# Higher-order commutative noise produces commutative noise during BacksolveAdjoint

## Statement

Consider solving the Ito SDE

$\mathrm{d}y(t) = μ(t, y(t))\mathrm{d}t + σ(t, y(t)) \mathrm{d}w(t)$

or the Stratonovich SDE

$\mathrm{d}y(t) = μ(t, y(t))\mathrm{d}t + σ(t, y(t))\circ\mathrm{d}w(t)$

in either case assumed to satisfy the commutativity condition

$σ_{i\, j_2} \frac{\partial σ_{k\, j_1}}{\partial y_i} = σ_{i\, j_1} \frac{\partial σ_{k\, j_2}}{\partial y_i}$.

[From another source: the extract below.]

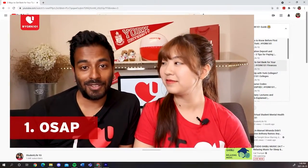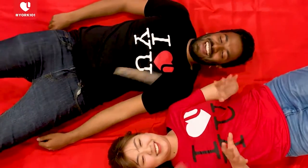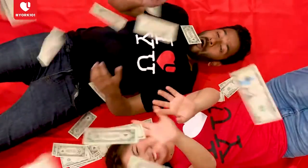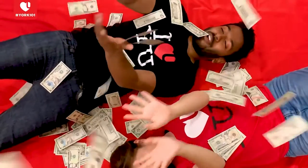Number one: for our domestic students, OSAP is key. OSAP stands for the Ontario Students Assistance Program, and it's a way for the government to help students who are Canadian citizens pay for their tuition. OSAP actually has two types of financial funding: grants and loans. Grants are monetary amounts that you don't have to pay back — it's essentially free money.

Then the backward pass solved during [`diffrax.BacksolveAdjoint`][] will also satisfy the commutativity condition if and only if the following higher-order commutativity condition is satisfied.

$σ_{i\, j_2} \frac{\partial^2 σ_{k\, j_1}}{\partial y_i \partial y_m} = σ_{i\, j_1} \frac{\partial^2 σ_{k\, j_2}}{\partial y_i \partial y_m}$

!!! note

    The commutativity condition is a common prerequisite for solving an SDE with a higher-order solver.

!!! note

    The higher-order commutativity condition is satisfied by all the dominant subclasses of commutative noise: additive noise, diagonal noise, scalar noise. It is also satisfied by noise that is affine in the state $y$. But it is not obviously satisfied by commutative noise in general?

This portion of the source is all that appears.